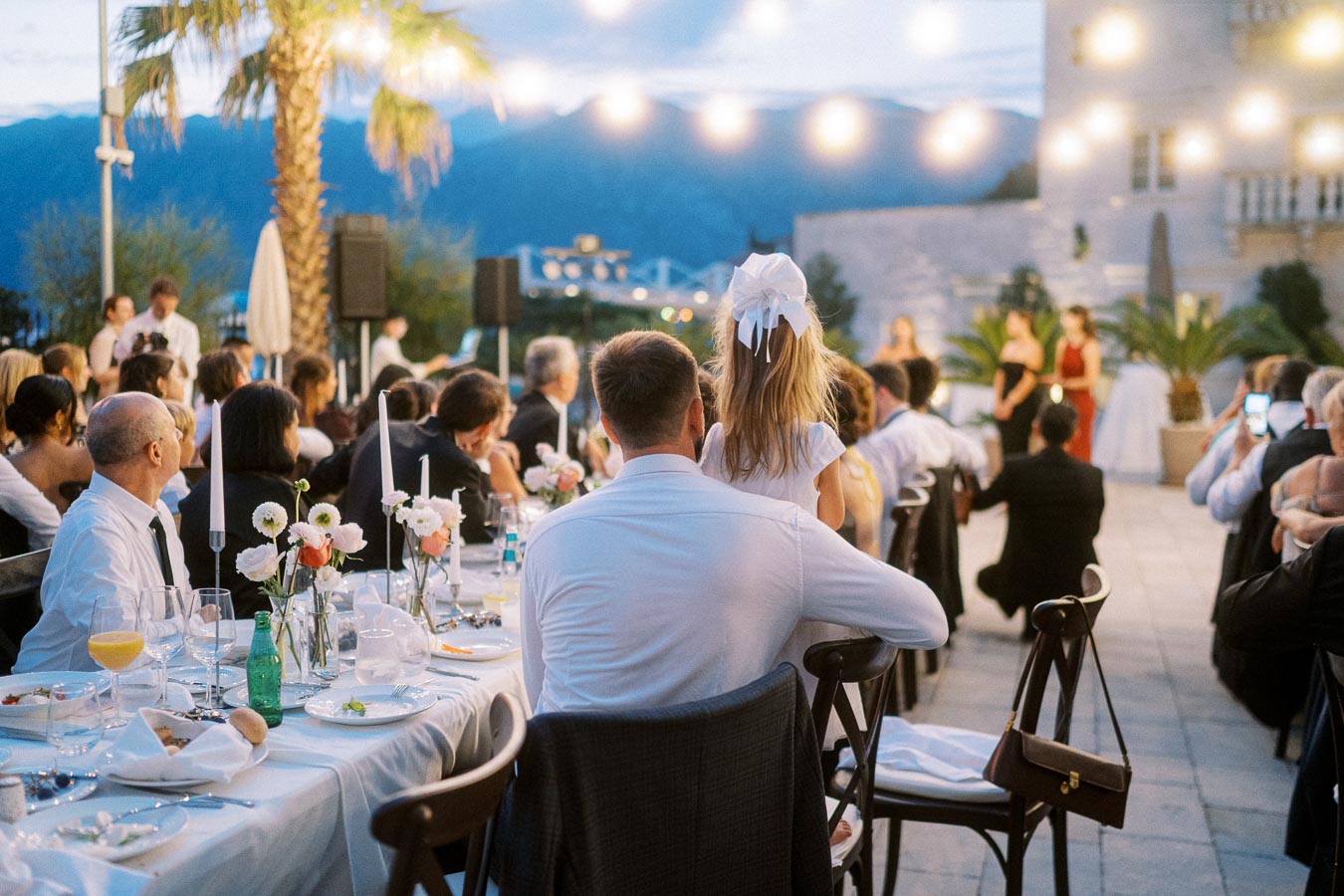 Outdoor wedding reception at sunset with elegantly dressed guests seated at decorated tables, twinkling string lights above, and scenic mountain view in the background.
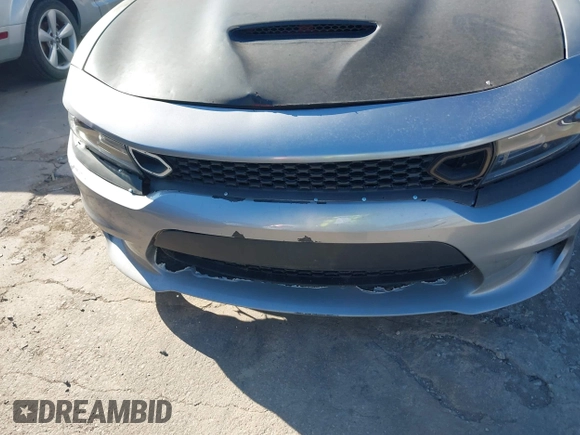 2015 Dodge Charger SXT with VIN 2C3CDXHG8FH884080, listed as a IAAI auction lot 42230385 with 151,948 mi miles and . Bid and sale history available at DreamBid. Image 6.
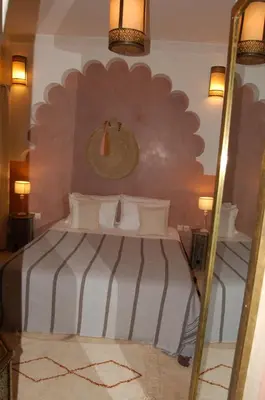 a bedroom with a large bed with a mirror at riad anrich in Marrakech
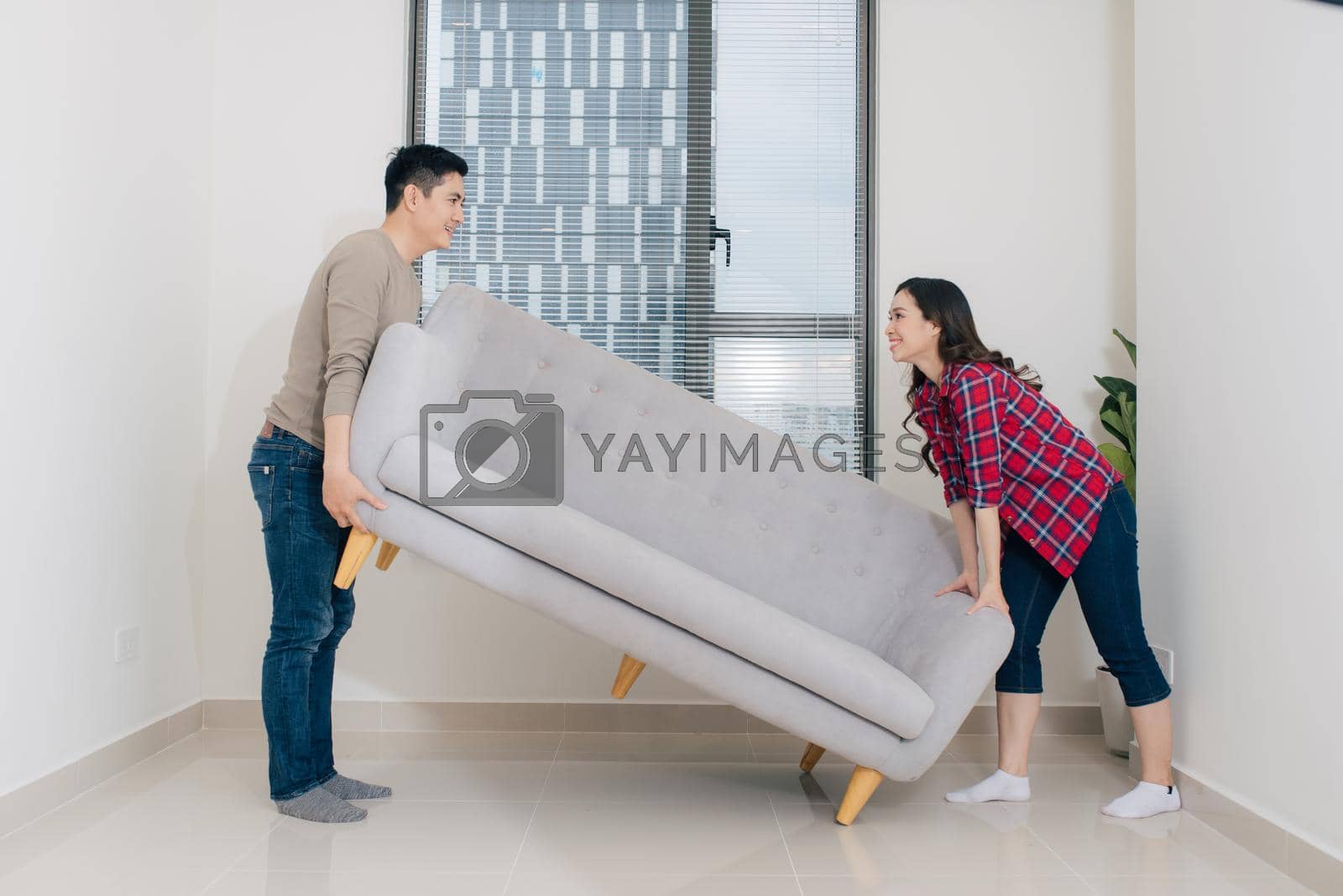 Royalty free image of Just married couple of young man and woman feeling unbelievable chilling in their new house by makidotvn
• • • •
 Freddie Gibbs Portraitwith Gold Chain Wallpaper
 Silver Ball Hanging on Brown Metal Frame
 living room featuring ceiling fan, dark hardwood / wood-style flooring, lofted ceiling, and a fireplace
• • • •
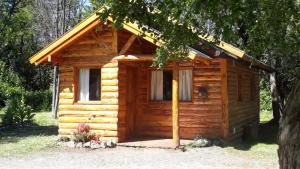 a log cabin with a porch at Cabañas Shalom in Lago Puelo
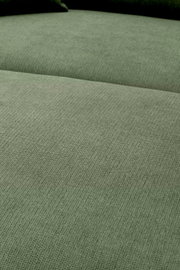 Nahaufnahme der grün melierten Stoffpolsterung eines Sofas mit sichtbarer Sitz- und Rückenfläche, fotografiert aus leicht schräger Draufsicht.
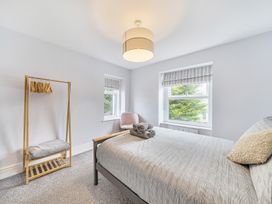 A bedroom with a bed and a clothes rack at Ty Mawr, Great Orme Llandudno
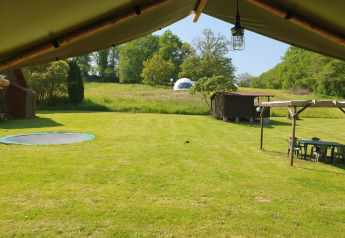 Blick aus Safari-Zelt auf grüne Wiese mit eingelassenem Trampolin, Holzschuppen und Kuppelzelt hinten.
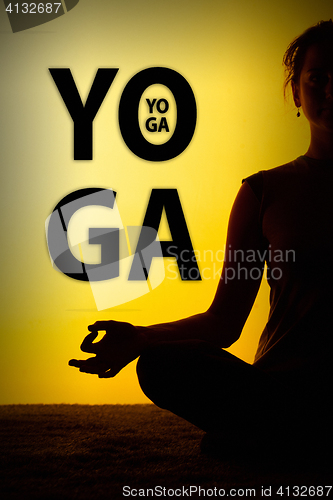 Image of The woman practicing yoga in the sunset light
• • • •
__EXERCISE PROMPT__:
Everything from the line above that contains "Nahaufnahme der grün" down to the line that contains "Blick aus Safari-Zelt" must be reproduced exactly, both ends included. Omit the pictures.

__ANSWER SPACE__:
 Nahaufnahme der grün melierten Stoffpolsterung eines Sofas mit sichtbarer Sitz- und Rückenfläche, fotografiert aus leicht schräger Draufsicht.
 A bedroom with a bed and a clothes rack at Ty Mawr, Great Orme Llandudno
 Blick aus Safari-Zelt auf grüne Wiese mit eingelassenem Trampolin, Holzschuppen und Kuppelzelt hinten.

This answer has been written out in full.